Vinegar can be used successfully with tomatoes in a few specific ways, but it may be an exaggeration to say it's "good" for the plants.

Using Vinegar to Kill Weeds

One widespread folk usage for vinegar is as a weed killer, to suppress stubborn weeds that might compete with your tomato plants or, even worse, act as hosts for pests or vectors for tomato diseases. While there is a scientific basis for this, there are also a couple of important limitations you should know.

First, the acid found in vinegar will indeed kill weeds by disrupting their cell walls. The cells rupture, their fluids escape and the plant withers and dies. This is good up to a point, but the effect is limited. First, household vinegar — even at full strength — isn't strong enough to quickly and reliably kill the weeds, according to the University of Minnesota Extension Service. For that, you'll need to use something called horticultural vinegar, which is 20 percent acetic acid or higher compared to household vinegar's 5 percent.

There are a couple of further problems. One is that even at this concentration, the acid only kills the part of the weed it comes into contact with. The roots will survive and grow a new weed. A second is that the acid will kill your tomato plants just as effectively as anything else. A third issue is that horticultural vinegar is a strong corrosive, and you'll need to follow strict guidelines to use it safely. In the end, it's no more effective than pulling or hoeing weeds the traditional way, so you'll need to decide whether messing with a strong acid is preferable to the wear and tear on your back.

Vinegar for Blossom-End Rot

One of the more common troubles afflicting home tomato growers is blossom-end rot.
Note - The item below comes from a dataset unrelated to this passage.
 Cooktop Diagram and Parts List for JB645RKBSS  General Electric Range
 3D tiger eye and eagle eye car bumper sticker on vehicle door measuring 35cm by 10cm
It's exactly what the name suggests: The blossom end of your tomatoes will begin to rot and turn black, eventually ruining the entire fruit.

The rot is caused by a calcium deficiency, either because the soil's calcium has been depleted or because you haven't been watering the plants consistently (when the soil is dry, the plants can't absorb calcium from it). If you've been watering your plants consistently, and you're seeing signs of blossom-end rot, vinegar can play a role in rescuing your tomatoes.

Save up your eggshells at a rate of roughly one eggshell per tomato plant and grind them to a powder in a spice grinder or blender. Dissolve the eggshells overnight in vinegar, then add the calcium-rich solution to your water the next day when you water the plants. According to Texas A&M's AgriLife Extension, the vinegar will help speed the tomatoes' uptake of calcium from the eggshells.

Vinegar as a Fungicide

One final widespread use of vinegar with tomatoes is as a fungicide. Tomatoes are prone to a number of fungal diseases, including early and late blight, leaf mold and anthracnose. You can use a commercial fungicide to deal with those, of course, but a simple mixture of vinegar and water is widely recommended as a home remedy. It isn't yet well-verified by science, but many gardeners and gardening experts suggest it.

To use the mixture, stir 2 to 3 tablespoons of white or apple cider vinegar into a gallon of water and mist it thoroughly over the affected tomato plants on both the tops and undersides of the leaves (fungi often begin to grow on the undersides). Vinegar will wash away quickly if it rains or if you water your plants from above, so you'll need to reapply it frequently.

It's best to test your homemade spray on a small area of the plant first to see if it damages the leaves. If it does, dilute the vinegar with a few more cups of water and try again on a different plant.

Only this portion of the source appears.